Incidence of HIV-1 drug resistance among antiretroviral treatment-naive individuals starting modern therapy combinations

Publikation

Incidence of HIV-1 drug resistance among antiretroviral treatment-naive individuals starting modern therapy combinations

Wissenschaftlicher Artikel/Review - 04.11.2011

von Wyl Viktor, Günthard Huldrych F, Ledergerber Bruno, Vernazza Pietro, Hirschel Bernard, Furrer Hansjakob, Cavassini Matthias, Bernasconi Enos, Battegay Manuel, Klimkait Thomas, Cellerai Cristina, Shah Cyril, Böni Jürg, Yerly Sabine, Swiss HIV Cohort Study

Zitation

von Wyl V, Günthard H, Ledergerber B, Vernazza P, Hirschel B, Furrer H, Cavassini M, Bernasconi E, Battegay M, Klimkait T, Cellerai C, Shah C, Böni J, Yerly S, Swiss HIV Cohort Study. Incidence of HIV-1 drug resistance among antiretroviral treatment-naive individuals starting modern therapy combinations. Clin Infect Dis 2011; 54:131-40.

Art

Wissenschaftlicher Artikel/Review (Englisch)

Zeitschrift

Clin Infect Dis 2011; 54

Veröffentlichungsdatum

04.11.2011

eISSN (Online)

1537-6591

Seiten

131-40

Kurzbeschreibung/Zielsetzung

BACKGROUND
Estimates of drug resistance incidence to modern first-line combination antiretroviral therapies against human immunodeficiency virus (HIV) type 1 are complicated by limited availability of genotypic drug resistance tests (GRTs) and uncertain timing of resistance emergence.

METHODS
Five first-line combinations were studied (all paired with lamivudine or emtricitabine): efavirenz (EFV) plus zidovudine (AZT) (n = 524); EFV plus tenofovir (TDF) (n = 615); lopinavir (LPV) plus AZT (n = 573); LPV plus TDF (n = 301); and ritonavir-boosted atazanavir (ATZ/r) plus TDF (n = 250).

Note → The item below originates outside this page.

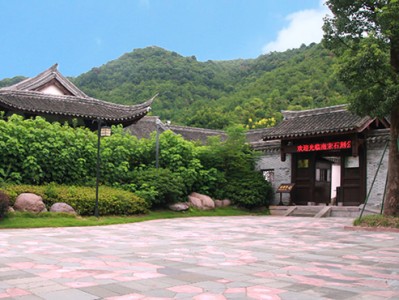 古建筑施工精湛工艺呈现：匠心筑就经典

Virological treatment outcomes were classified into 3 risk strata for emergence of resistance, based on whether undetectable HIV RNA levels were maintained during therapy and, if not, whether viral loads were >500 copies/mL during treatment. Probabilities for presence of resistance mutations were estimated from GRTs (n = 2876) according to risk stratum and therapy received at time of testing. On the basis of these data, events of resistance emergence were imputed for each individual and were assessed using survival analysis. Imputation was repeated 100 times, and results were summarized by median values (2.5th-97.5th percentile range).

RESULTS
Six years after treatment initiation, EFV plus AZT showed the highest cumulative resistance incidence (16%) of all regimens (<11%). Confounder-adjusted Cox regression confirmed that first-line EFV plus AZT (reference) was associated with a higher median hazard for resistance emergence, compared with other treatments: EFV plus TDF (hazard ratio [HR], 0.57; range, 0.42-0.76), LPV plus AZT (HR, 0.63; range, 0.45-0.89), LPV plus TDF (HR, 0.55; range, 0.33-0.83), ATZ/r plus TDF (HR, 0.43; range, 0.17-0.83). Two-thirds of resistance events were associated with detectable HIV RNA level ≤500 copies/mL during treatment, and only one-third with virological failure (HIV RNA level, >500 copies/mL).

CONCLUSIONS
The inclusion of TDF instead of AZT and ATZ/r was correlated with lower rates of resistance emergence, most likely because of improved tolerability and pharmacokinetics resulting from a once-daily dosage.